Dans le camp de la majorité, les réactions fusent après le boycott des vœux de Nicolas Sarkozy par la CGT. "Je regrette cette décision de la CGT parce que je crois que c'est une attitude profondément anti républicaine", pour Valérie Pécresse, ministre de l'Enseignement supérieur, sur France 2. Le président de la République a été "légitimement élu. Même si on n'est pas d'accord avec lui, on lui serre la main, on va à ses voeux, on écoute ses arguments", a-t-elle ajouté.

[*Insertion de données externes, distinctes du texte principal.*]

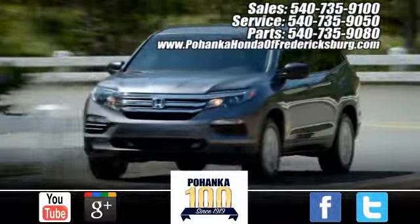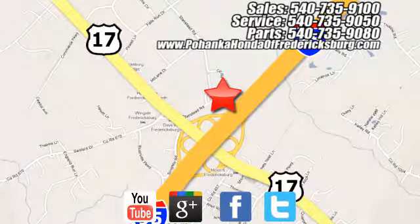Pohanka Honda of Fredericksburg is a great place to buy a car, conveniently located at 60 South Gateway Drive in Fredericksburg.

Jean-François Copé, secrétaire général de l'UMP, a dit regretter sur Canal +, "parce que je pense que c'est un rendez-vous républicain. On peut être en désaccord, on peut mener des combats" contre la politique gouvernementale mais "quand on est une grande formation syndicale, on est présent aux voeux du président de la République, ça me paraît tout à fait naturel".
Jacques Myard, député UMP, sur RTL : "Non seulement c'est une belle bêtise qu'il fait vis-à-vis des institutions et du dialogue social, mais c'est l'aveu même de sa propre faiblesse. En réalité, on a bien vu que dans toute l'affaire des retraites, les syndicats ont été incapables d'avoir une cohérence interne pour pouvoir dialoguer avec l'Etat. Bernard Thibault devrait y réfléchir à deux fois, car il signe aujourd'hui sa propre défaite. Je crois qu'il porte un mauvais coup au syndicalisme français".